The good news for Kilmer is that age isn’t as important in acting as it is in hockey. So, were he to recapture some of that skill that made him a bona fide star, he could make a comeback much more easily than say, Petr Klima. Or Allan Iverson. That being said, The Traveler (or any other movie of its ilk) is not the movie that will make this happen. This is strictly a paint-by-numbers horror movie, with very little to make it interesting, least of all Kilmer himself.
As the movie opens, Kilmer walks into a small-town police station in nowheresville, USA. He announces that he is there to confess to six murders. But wait – there are exactly SIX cops working there that night!
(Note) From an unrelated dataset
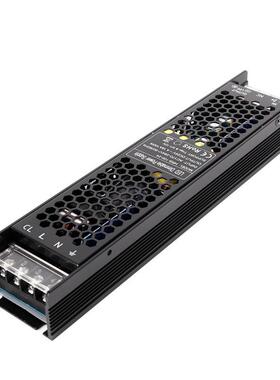 -1V调光电源100W240V恒压0可控硅调光LED带灯条HEG开灯关电源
It quickly becomes very obvious to everyone except the stupid cops that Kilmer is the spirit of a homeless drifter who was once beaten into a coma by…these very six cops!
Because all we get throughout the movie is a series of flashbacks to the beating of this drifter, we know exactly how each cop is going to die – the one who put a rope around his neck will be hung by a rope around his own neck…the one who cut him with the scissors will…well, you get the point. And so did I, nine minutes in. All that’s left is to wait until the cops die, one at a time, in the exact manner in which I fully knew they were going to die, and wait for the end which might provide some respite from the tedium.
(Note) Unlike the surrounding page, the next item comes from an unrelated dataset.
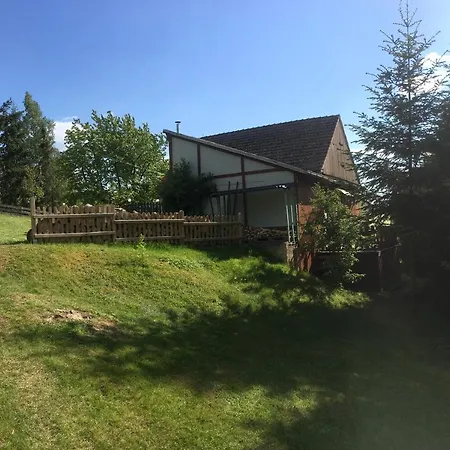 Magdalena Apartment Hohnstein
But then it doesn’t. The end is actually worse than the rest of the movie, as it tries to turn the entire tone of the movie, the nature of Kilmer’s character, and the nature of the cops around 180 degrees. See, the reason these cops beat (and eventually killed) this drifter was that one of the cops’ daughters had gone missing, and they thought this guy was responsible. The Big Revelation at the end apparently discounts everything we’ve seen throughout the movie, and might logically have come before all these cops were mutilated and killed.
Either way, the entire movie hinges on Kilmer, relying on him to be creepy and scary. He tries to accomplish this by talking softly and being quiet and not moving a lot. Which is not, it turns out, scary at all. It’s boring. And since all the action in the film is telegraphed for twenty minutes before it happens, that’s boring too. And so that’s what The Traveler is. About as boring as gory horror movies get.